Un déséquilibre démocratique devenu structurel
Ce déséquilibre remet fondamentalement en question le principe de représentation équitable des citoyens. En effet, si l’Estuaire est le cœur démographique du pays, avec près d’un tiers des électeurs, il ne dispose que d’un siège de député pour environ 15 000 électeurs, contre un siège pour environ 4 500 dans le Haut-Ogooué. Cette distorsion de la représentation affaiblit la légitimité de l’Assemblée nationale, en contradiction avec les principes d’un État démocratique moderne. Pire encore, elle crée un sentiment de marginalisation politique chez les citoyens des zones les plus peuplées, qui voient leur poids électoral dilué par des combines politiciennes. Dans ce contexte, maintenir un statu quo revient à institutionnaliser une inégalité de traitement entre Gabonais.

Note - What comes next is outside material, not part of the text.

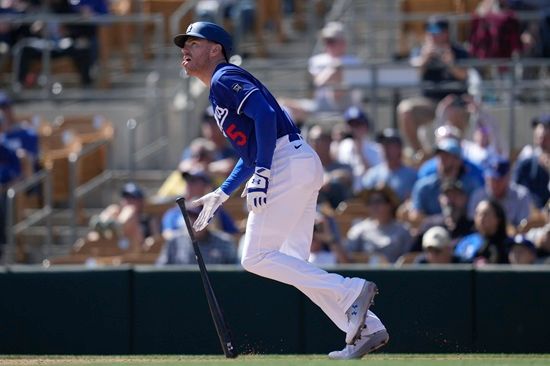 LA 다저스 내야수 프레디 프리먼이 도쿄시리즈 1차전에 이어 2차전에서 선발 라인업에서 제외됐다. 다저스 로버츠 감독은 프리먼이 왼쪽 갈비뼈 통증으로 도쿄시리즈 출전이 어려워졌다고 밝혔다. AP 연합뉴스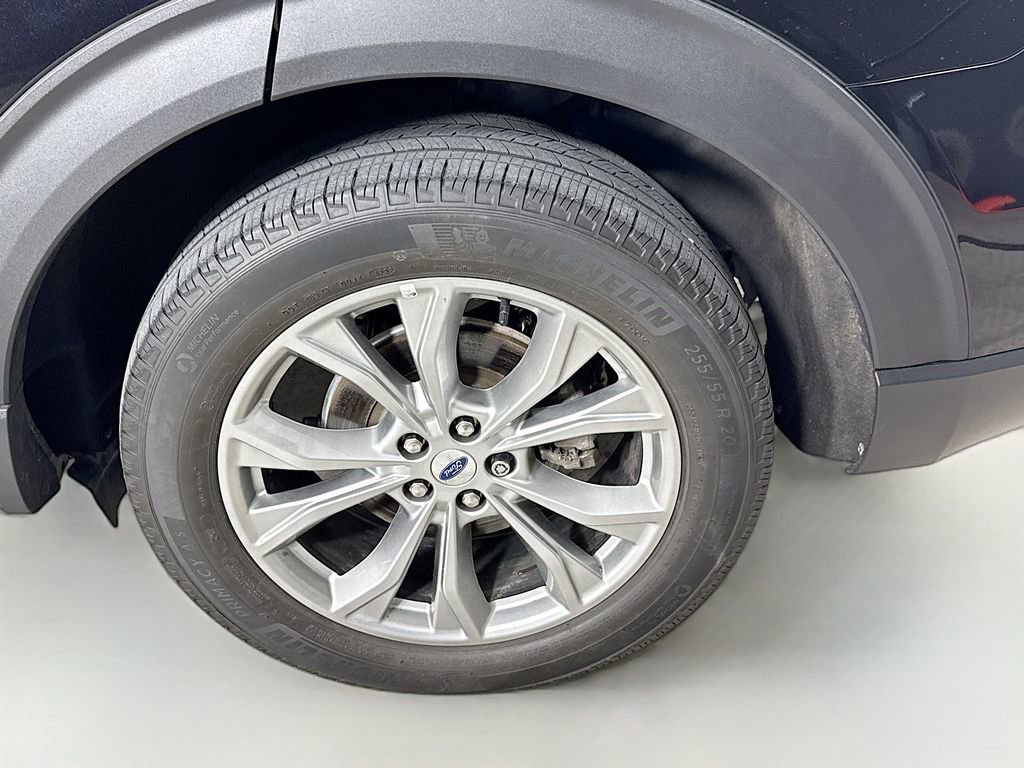 Certified 2023 Ford Explorer XLT w/ Equipment Group 202A image 33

Il apparaît donc nécessaire, voire urgent, d’engager un vrai processus de redécoupage électoral qui reflète la réalité démographique des provinces. Ce travail indispensable permettrait en effet de rétablir la balance entre les territoires et de garantir à chaque citoyen une représentation équivalente à son poids dans le corps électoral. Il ne s’agit pas d’exclure les régions moins peuplées, mais de réajuster la carte électorale pour qu’elle incarne une démocratie représentative conforme aux standards internationaux. Le Dialogue national inclusif, dans son esprit, avait déjà appelé à la mise en place de cette réforme. Ignorer cet enjeu reviendrait à passer à côté d’un enjeu crucial pour la stabilité et la légitimité du processus démocratique gabonais.